Directed by Yuval Adler

Culture Representation: Taking place in 1959 in a fictional U.S. city called Spruce, the dramatic film “The Secrets That We Keep” features an all-white cast of characters (most of them are American, and a few are European immigrants) representing the middle-class.

Culture Clash: A Romanian immigrant living in America kidnaps a man she suspects was the German Nazi who brutally assaulted her and killed her sister during World War II.

Culture Audience: “The Secrets We Keep” will appeal primarily to people who like crime thrillers or stories about Holocaust survivors.

Chris Messina and Noomi Rapace in “The Secrets We Keep” (Photo by Patti Perret/Bleecker Street)

Getting revenge on a suspected World War II Nazi who’s changed his identity is a concept that’s been done before in movies such as 1998’s “Apt Pupil,” 2011’s “The Debt” (which was a British remake of the 2007 Israeli film “Ha-Hov”) and 2016’s “Remember.” The competent but not particularly outstanding thriller “The Secrets We Keep” is another movie to add to the list.

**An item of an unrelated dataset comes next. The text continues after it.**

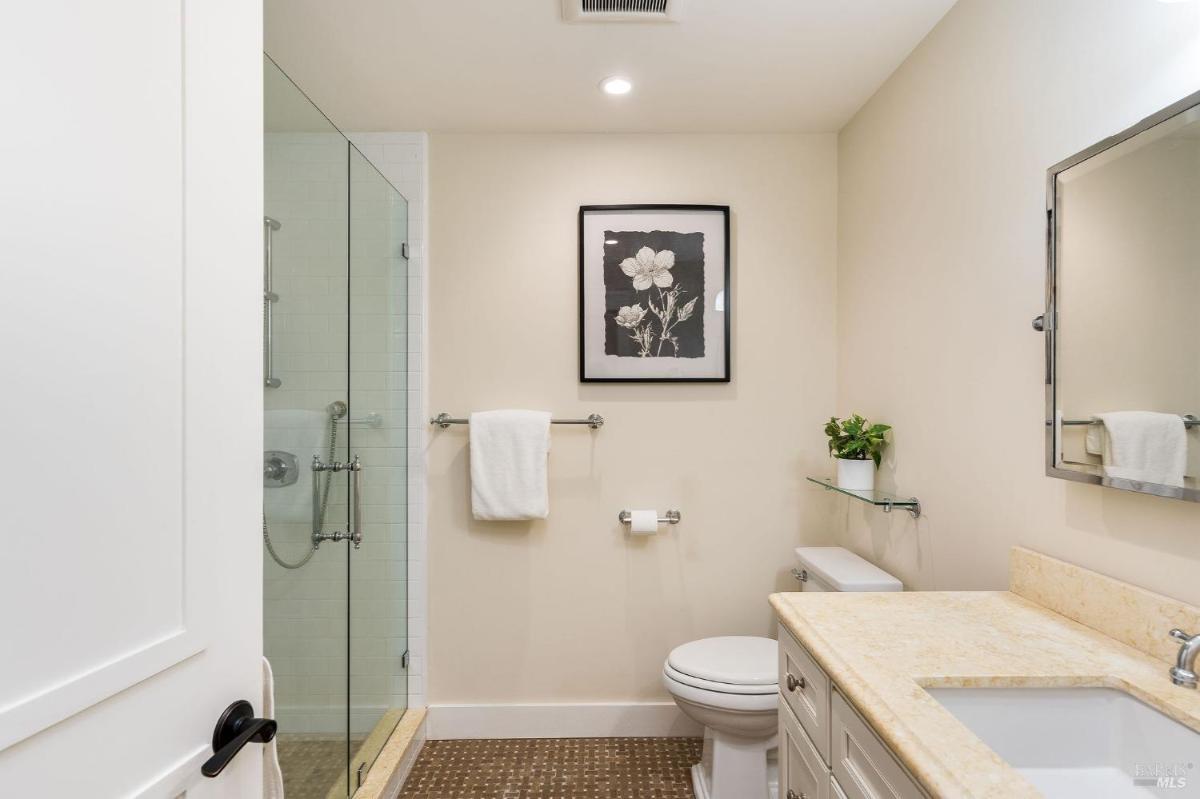 A bathroom with a glass shower, toilet, and sink.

Directed by Yuval Adler, who co-wrote the screenplay with Ryan Covington, “The Secrets We Keep” greatly benefits from the above-average acting from the main stars of the cast, because the movie’s plot wears very thin after a while.

In “The Secrets We Keep,” it’s 1959 in a U.S. suburban city named Spruce, where people live on quiet, tree-lined streets in middle-class neighborhoods. One of the city residents is Maja (played by Noomi Rapace), a Romanian immigrant who is married to a compassionate American doctor named Lewis (played by Chris Messina), whose patients include several workers at a local refinery. The refinery is one of the biggest employers in the city.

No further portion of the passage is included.